[[ RECORDS SHOWN, beginning ]]
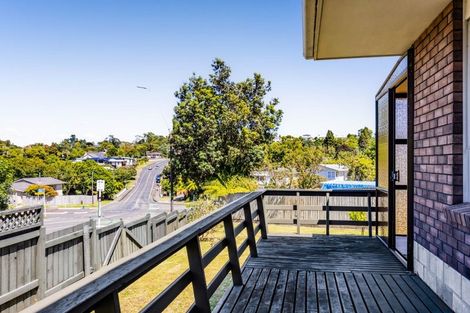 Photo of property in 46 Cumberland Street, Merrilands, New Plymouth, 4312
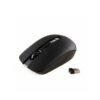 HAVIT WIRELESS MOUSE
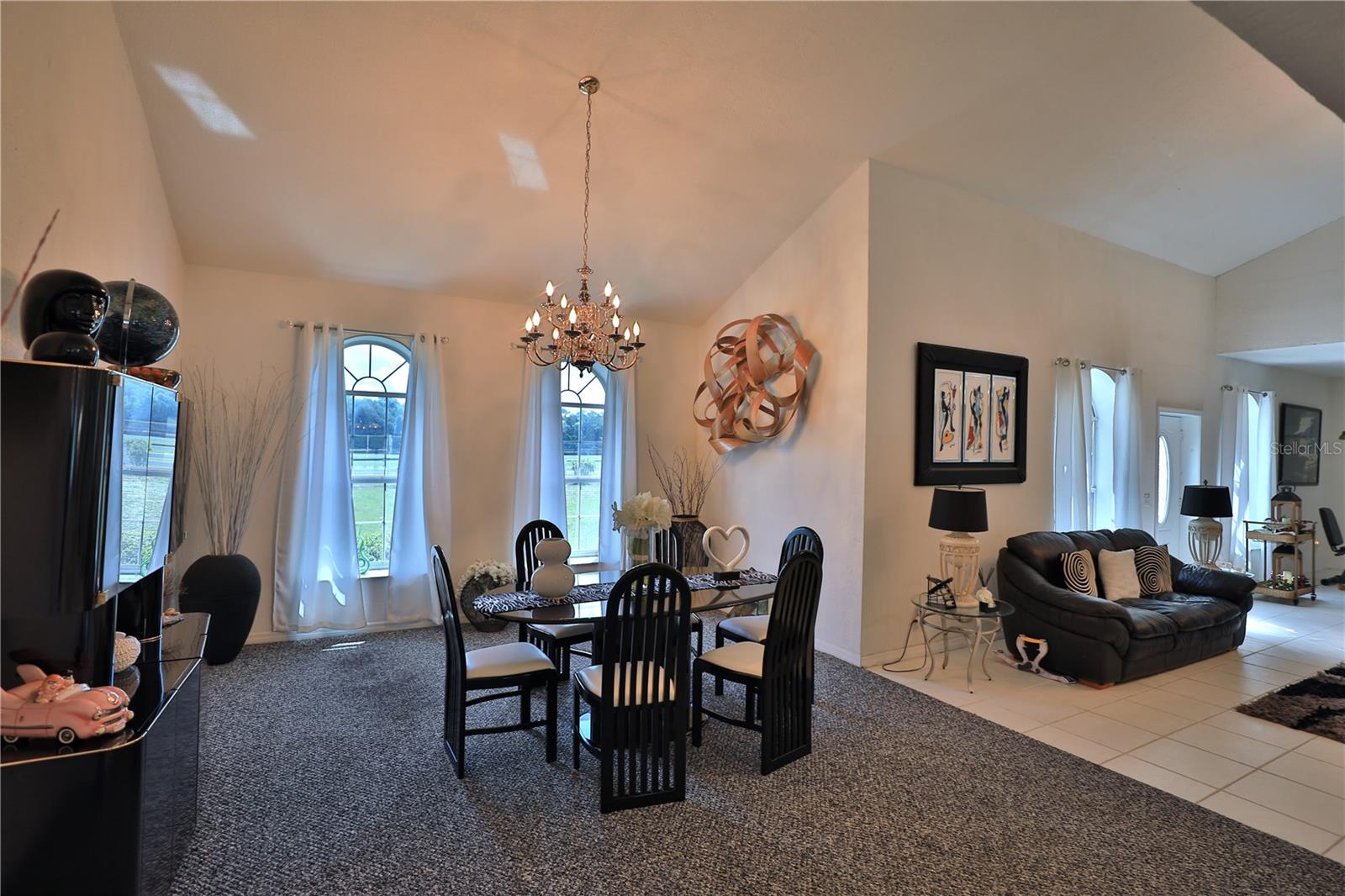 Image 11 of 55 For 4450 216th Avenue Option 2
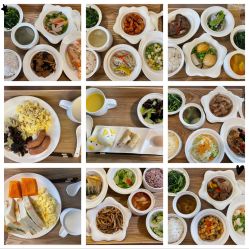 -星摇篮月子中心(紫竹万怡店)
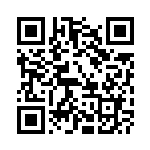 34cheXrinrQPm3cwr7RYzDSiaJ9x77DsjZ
[[ RECORDS SHOWN, end ]]
**WHAT TO WORK ON:** Above are the records. Copy exactly, and only, the lines from the line containing "Image 11 of" through the last one, omitting any pictures.

**ANSWER TO THIS TASK:**
 Image 11 of 55 For 4450 216th Avenue Option 2
 -星摇篮月子中心(紫竹万怡店)
 34cheXrinrQPm3cwr7RYzDSiaJ9x77DsjZ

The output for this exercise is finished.